Question

In the given figure the value of x is?

(a) ${{30}^{\circ }}$
(b) ${{10}^{\circ }}$
(c) ${{20}^{\circ }}$
(d) ${{40}^{\circ }}$

Answer 1

Hint: Consider the horizontal line as a straight line and use the fact that ‘the sum of all the angles formed on a straight line is equal to 180 degrees’. Add the three angles and equate them with 180 degrees to form a linear expression in x. Solve for the value of x to get the answer.

Complete step by step answer:
Here we have been provided with the figure shown below where we have three angles formed on a straight line and we are asked to find the value of x.

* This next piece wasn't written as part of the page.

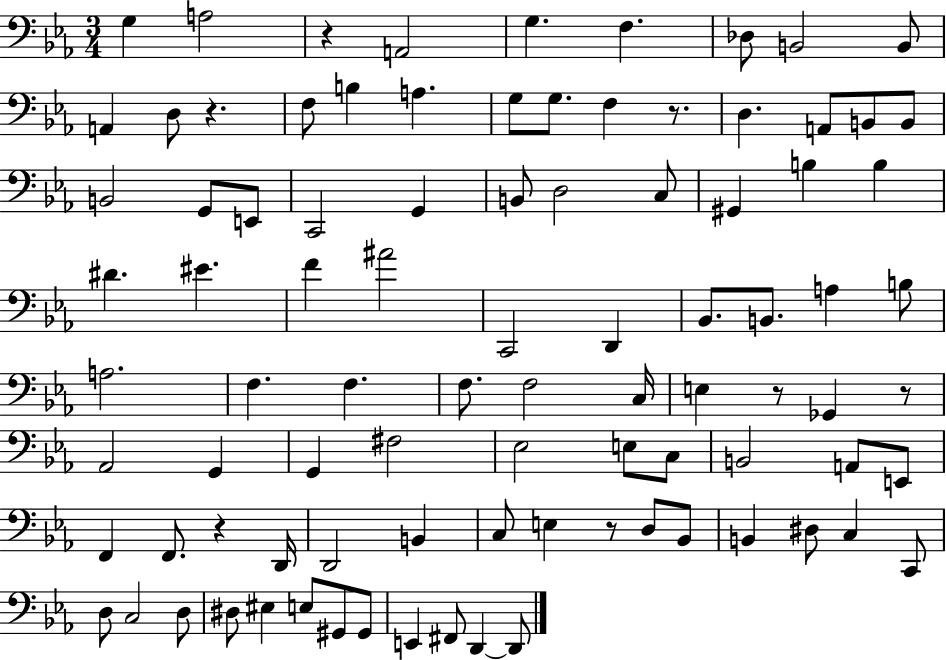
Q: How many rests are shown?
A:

Now, we know that the angle of a straight line is equal to 180 degrees. So if we form several angles on a straight line then their sum must be equal to the total measure of the angle of the straight line, i.e. 180 degree. In the figure we have three angles formed on the horizontal straight line, so we get,
$\begin{align}
  & \Rightarrow 2x+{{40}^{\circ }}+5x={{180}^{\circ }} \\
 & \Rightarrow 7x={{140}^{\circ }} \\
 & \therefore x=20 \\
\end{align}$
So, the correct answer is “Option c”.

Note: Note that you can roughly say that the three angles are forming a linear pair, although they are not a pair because a pair contains two angles. If you combine two angles to consider them as a single unit and leave the third one alone then you can say they are a linear pair. The sum of angles in a linear pair is always equal to 180 degrees hence they can be called a supplementary angle, however the converse is not true.